重复: 单个单词重复(Repetition)
大量词汇堆砌(Dumping)
穿插(Weaving)：拷贝一篇好的页面，再在里面穿插些spam词汇或者链接
短语堆积(Phrase stitching):从不同的文章里抽取些词汇再汇总
链接堆积
隐藏：背景色与文本色一样的文本/链接
可视化属性设置为false
使用脚本生成文本与链接
通过img的点击指向新链接
size特别短小的文本<用户不可见>

link spam：
位置：出链(outlink)与入链(inlink)
出链：克隆好的导航网站/目录(open dir clone)，比如国外的dmoz.org、http://dir.yahoo.com等，国内的hao123等
入链：链接农场(link farm)：一堆链接的指向复杂度超出了阈值
蜜罐(honey pot)：从别的网站里拷贝的一些好页面，里面包含了一些spam链接；open dir clone也可放入此类。
在一些权威网站里贴垃圾链接(insert link at dir)
在一些open的平台里帖链接，比如blog、wiki、social site、留言板
友情链接交换(link exchange)
购买过期的域名(expired domain)：在购买的废弃域名里张贴大量链接，主要废弃域名的排名会存在一段时间

关于隐藏(hiding)技术与重定向(redirect)技术：
有的论文将隐藏技术与重定向技术作为单独的一类spam技术进行划分。隐藏技术包括基于IP的(搜集特定crawler的IP)与基于HTTP协议头的User Agent(crawler一般会用这个字段标识自身)，另外前面所讲的基于内容的隐藏技术也划分到此类。重定向技术包括http协议重定向、meta重定向与JS重定向。

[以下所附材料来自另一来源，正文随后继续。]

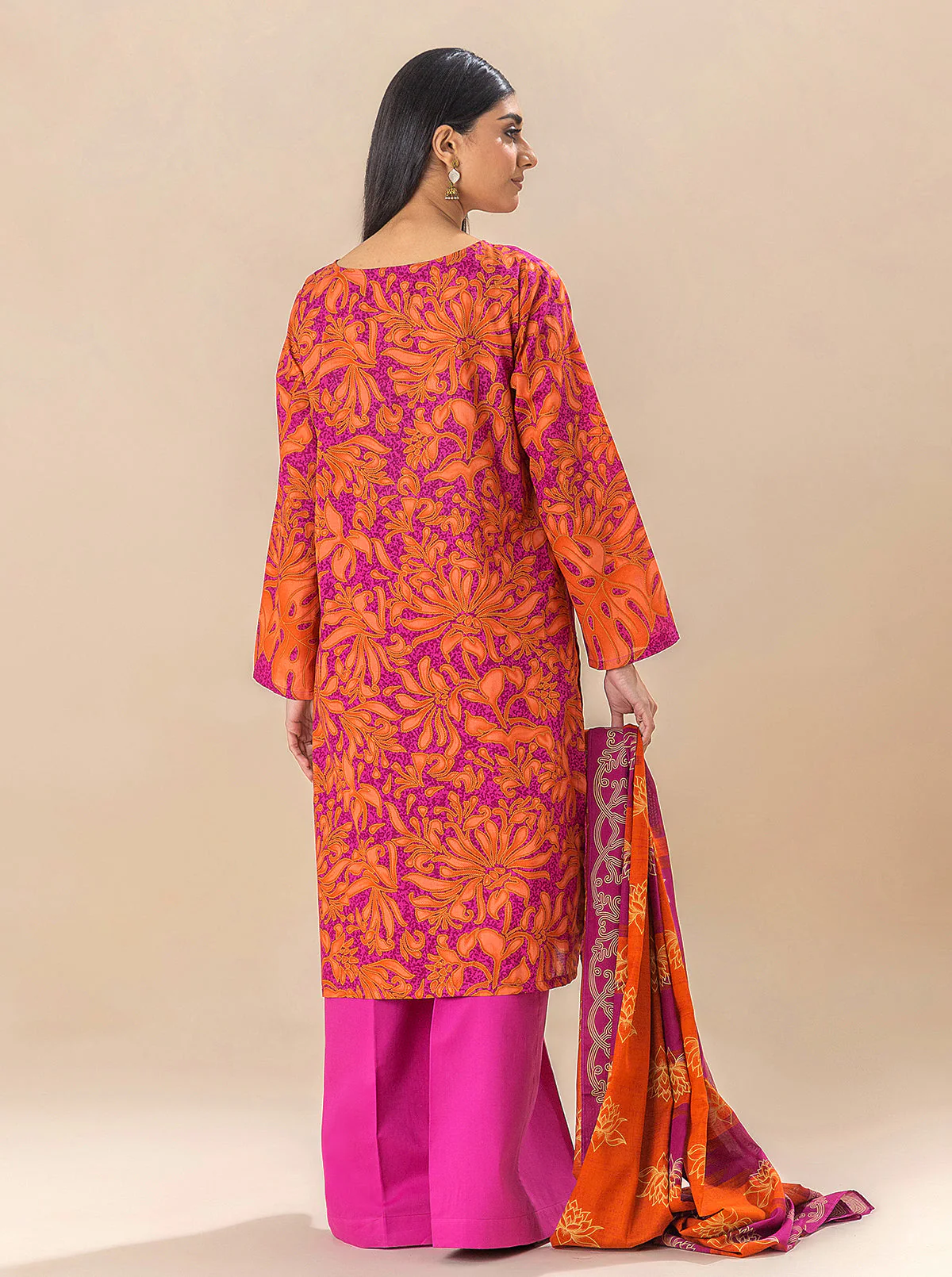 3 PIECE EMBROIDERED LAWN SUIT-VIVID FUSCHIA (UNSTITCHED) - Image 6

除去已划分到内容spam部分的基于内容的隐藏技术，剩下的个人认为没有多少意思。对于基于特定IP/http请求头的隐藏技术，检测方法很容易，无非是多次爬取，基于内容的比较，对于大的商业crawler，这样做貌似不够友好，也浪费资源；至于重定向，比如JS重定向，随着越来越多的好网页在特殊情况下也会使用这种技术，个人认为采用类似于V8的JS引擎，已可以检测出重定向后的URL，就不用考虑此类问题了。

用户的角度：
基于浏览行为的，
基于query点击的，

4 检测
content：基于规则的与基于统计的

link：link farm检测
pagerank分值较低的
trustrank分值
spamrank分值较高的
初始种子的选择：人工选择好的、差的，in link 与out link的交集<不同domain的> > 阈值；

用户行为的事后分析：
click-model针对click-log
browser-model针对browse-log

附：参考
[1] Monika Henzinger, Rajeev Motwani, and Craig Silverstein. Challenges in web search engines. SIGIR Forum, 36(2), 2002.
[2] The Classification of Search Engine Spam http://www.silverdisc.co.uk/articles/spam-classification
[3] Web Spam Taxonomy
[4] Survey on web spam detection-principles and algorithms
[5] Alan Perkins. The classification of search engine spam. http://www.ebrandmanagement.com/whitepapers/spam-classification/.
[6] Zolt´an Gy¨ongyi and Hector Garcia-Molina. Link spam alliances. Technical report, Stanford University, 2005.

rank factor
google ranking factor: http://www.vaughns-1-pagers.com/internet/google-ranking-factors.htm

pagerank
[1] Lawrence Page, Sergey Brin, Rajeev Motwani, and Terry Winograd. The PageRank citation ranking: Bringing order to the web. Technical report, Stanford University, 1998.
[2] Monica Bianchini, Marco Gori, and Franco Scarselli. Inside PageRank. ACM Transactions on Internet Technology, 5(1), 2005.
[3] T. Haveliwala. Efficient computation of PageRank. Tech. rep., Stanford University, 1999.
[4] T. Haveliwala. Topic-sensitive PageRank. In Proceedings of the Eleventh International Conference on World Wide Web, 2002.
[5] S. Kamvar, T. Haveliwala, C. Manning, and G. Golub. Extrapolation methods for accelerating PageRank computations. In Proceedings of the Twelfth International Conference on World Wide Web, 2003.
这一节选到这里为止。